* WHAT NEEDS TO BE DONE *
The lines below, from the one holding "New 2026 Chevrolet" through the final line, are to be copied exactly, with no other lines and no pictures.

* SOURCE DATA *
════════
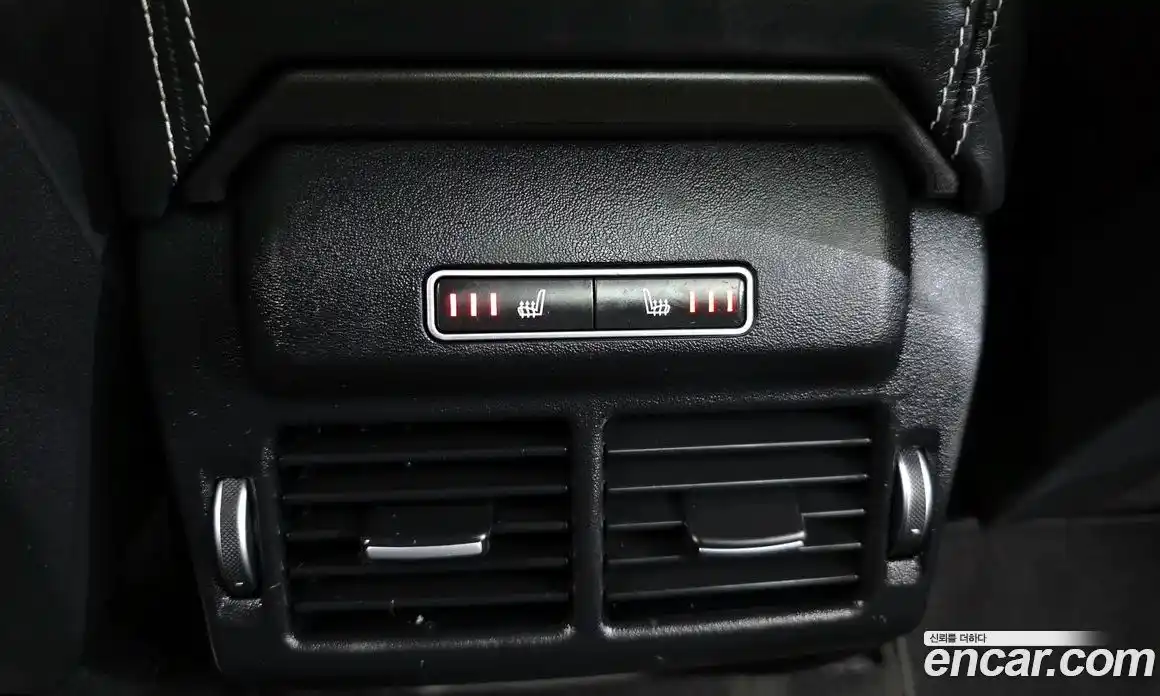 Land Rover Range-Rover Evoque 2017 2.0 Автомат в Москве № 213657, фото 15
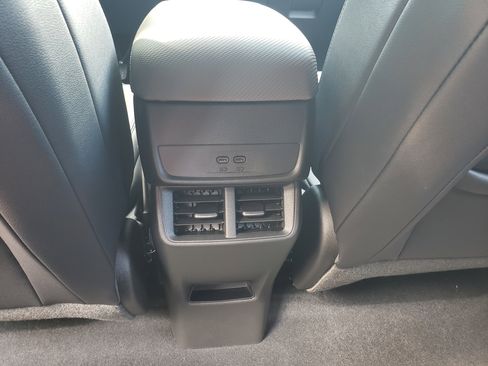 New 2026 Chevrolet Equinox LT w/ Convenience Package II image 36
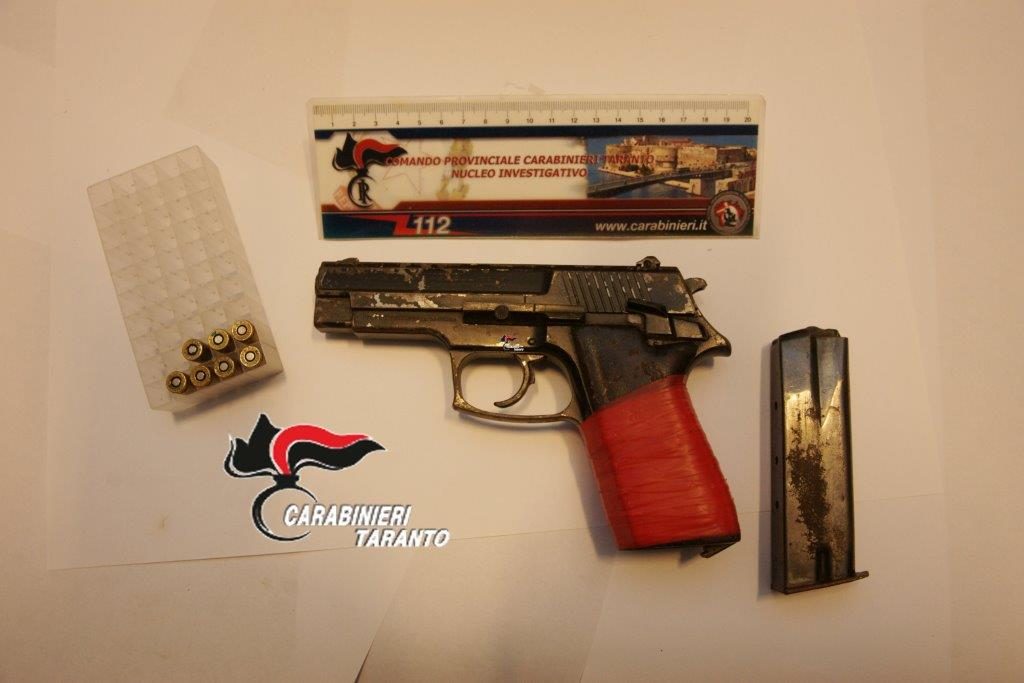 pistola omicidio pulsano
════════
* ANSWER TO THIS EXERCISE *
 New 2026 Chevrolet Equinox LT w/ Convenience Package II image 36
 pistola omicidio pulsano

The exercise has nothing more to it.